Es difícil decir o escribir algo sobre la situación actual de Cuba. Hoy, quizás más que nunca, se tiene la sensación de estar en un punto muerto. Ya ni siquiera acuden a nuestra burbuja de realidad los hiperoptimismos que anunciaban cada primero de enero, como una letra ecuménica del año, la caída del régimen. O los hiperoptimistas están muy atareados en sobrevivir en un exilio que se ha vuelto, de pronto, inhóspito, o el tema pasó de moda, o no se puede pronosticar más allá de cierta profundidad en la caída sin fondo del gobierno. Uno quisiera encerrarse en el famoso palacio de la mente, tan ocupado de estrategias de supervivencia cotidiana, para que el cónclave de las ideas arrojara una fumata blanca redentora, una idea, sólo una, capaz de salvarnos del vacío al que nos hemos empujado.
Sin embargo, me sale humo. Sí, vea usted, un humo negro como el de una termoeléctrica averiada, un humo de inclemencia, de borrasca, de nube sobrecargada que quiere echar su aguacero de Dios sobre la isla, pero no puede. Un humo de impotencia, de calor y humedad y un humo seco por la lluvia que no cae y la cosa que no cambia…
El otro día, en una de esas existenciales colas, un sujeto inflamaba la habitual discusión entre una ensarta de lugares comunes y salidas de tono. Eso sí, el individuo —cuarentón, camisa a cuadros, moto Suzuki parqueada en el sentido del tráfico— aprovechó que todo el mundo se sumía en el debate sobre el lastimoso presente de Cuba, para dar lo que él consideraba eran los únicos caminos del cubano. Así habló Zaratustra: “en este país, o te vas, opción que se ha complicado, o te adaptas”. “Y para adaptarte”, continuó, “lo mejor es empezar a hacer más confortable tu vida aquí”. Mi vida aquí, pensé, como quien dice El mundo en que vivimos, una asignatura de Primaria en la que siempre sacaba cien y que, además, me gustaba. Simple. Pero, ¿confortable?
No sé por qué designio de la mente caí, desde la cola para recibir el paquete que me envía la familia, hasta esta escuelita destartalada, donde pasé las horas más largas de mi infancia. Aquí, en esta sucia aula donde aprendí a sumar y a dar trompones, una mala profesora intentó enseñarnos que el humo era un sustantivo abstracto, porque, según ella, no se le podía asir. Imagine cuantas cosas son incapaces de asir los niños en Cuba, cosas comunes y necesarias que cualquier niño tiene en otra parte, y que aquí tendría que catalogar de abstractas. No voy a enumerarlas porque usted ya las sabe, y sabe, como yo, que el hacerlo da grima. Pero, ¿confortable?

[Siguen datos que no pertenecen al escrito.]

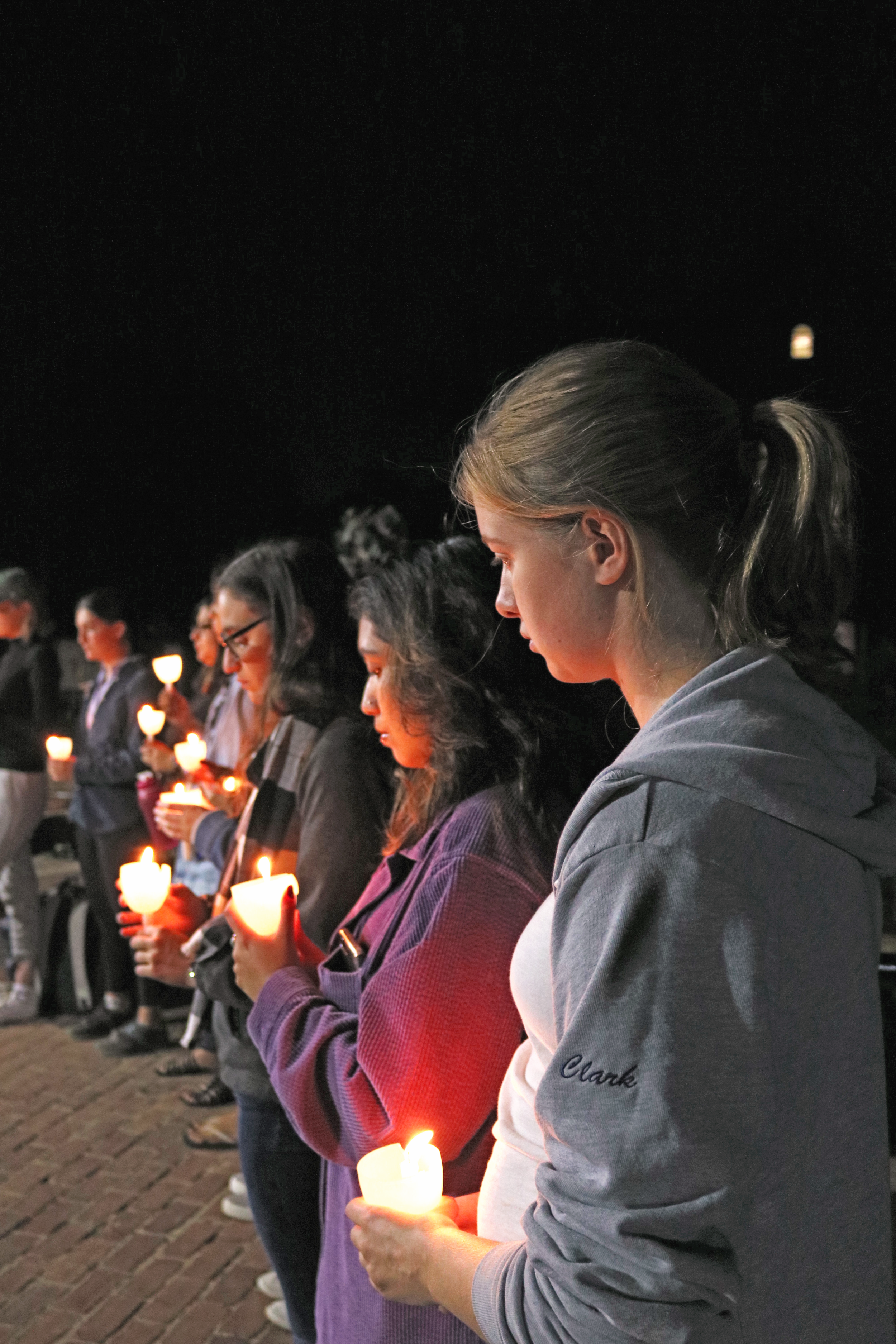 Emily Clark ’18 and other attendees held candles Friday during the vigil for victims of natural disaster in Mexico and Puerto Rico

Escribir sobre Cuba puede llegar a ser como ese exquisito ejercicio del aburrimiento, que consiste en lanzar una piedra sobre el agua para verla dar brinquitos hasta hundirse. Yo he elegido escribir para ver cómo mi mano comunica a la hoja esa fricción temblorosa, ese pensamiento ígneo que descree de la lluvia, los hiperoptimismos y los adaptados. No puedo hacer confortable mi vida, porque, como un niño, no me pertenezco. Puedo, en cambio, incinerar la página, hacer que vuele en miles de virutas la idea y se propague el incendio. ¿Qué puede hacer usted?